__PROBLEM STATEMENT__:
Only the pictures are to be left out; the listing itself is repeated exactly.

__DATA PROVIDED__:
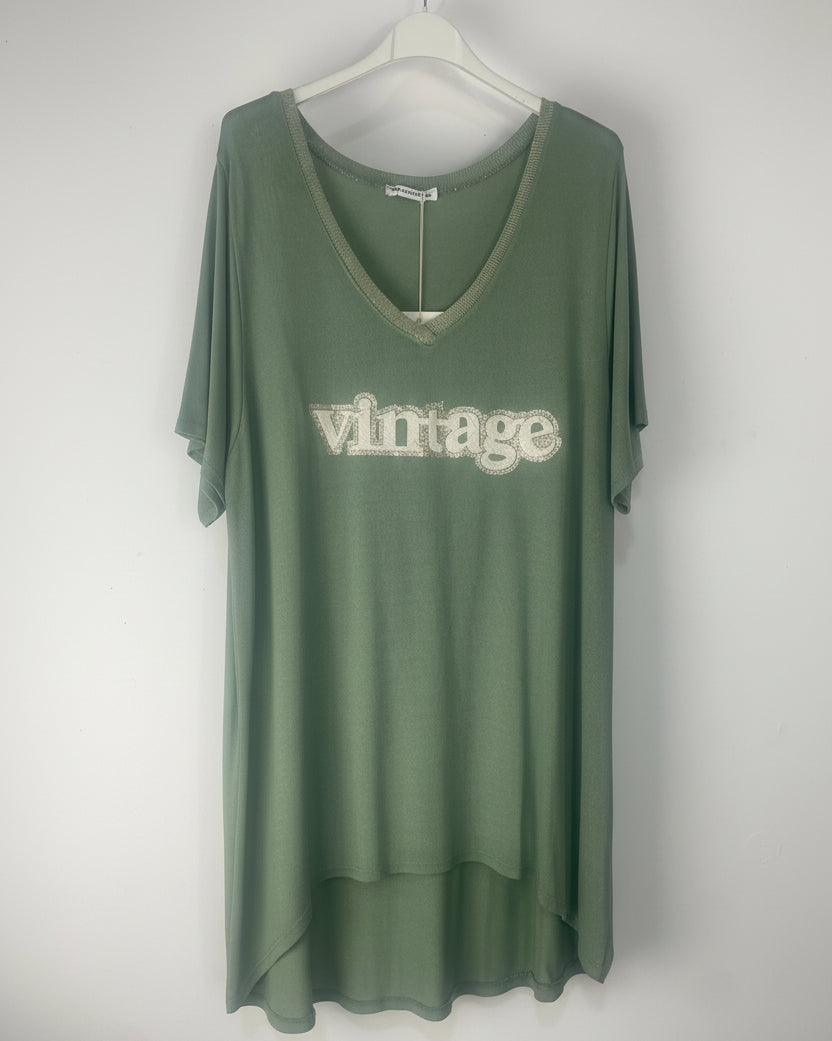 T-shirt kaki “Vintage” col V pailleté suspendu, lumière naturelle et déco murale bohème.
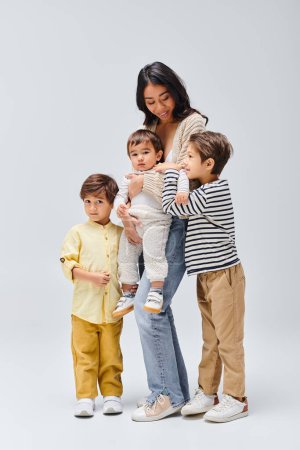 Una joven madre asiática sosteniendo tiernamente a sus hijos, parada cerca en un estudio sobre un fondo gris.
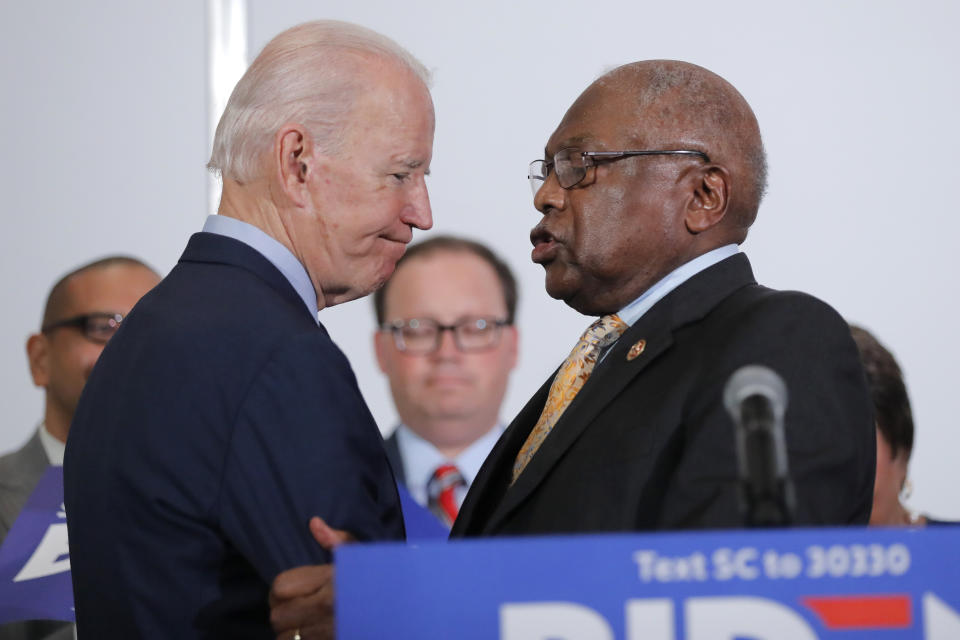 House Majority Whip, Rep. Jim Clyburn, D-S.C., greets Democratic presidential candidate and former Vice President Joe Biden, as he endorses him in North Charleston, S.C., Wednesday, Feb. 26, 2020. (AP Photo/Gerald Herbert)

__WRITTEN SOLUTION__:
 T-shirt kaki “Vintage” col V pailleté suspendu, lumière naturelle et déco murale bohème.
 Una joven madre asiática sosteniendo tiernamente a sus hijos, parada cerca en un estudio sobre un fondo gris.
 House Majority Whip, Rep. Jim Clyburn, D-S.C., greets Democratic presidential candidate and former Vice President Joe Biden, as he endorses him in North Charleston, S.C., Wednesday, Feb. 26, 2020. (AP Photo/Gerald Herbert)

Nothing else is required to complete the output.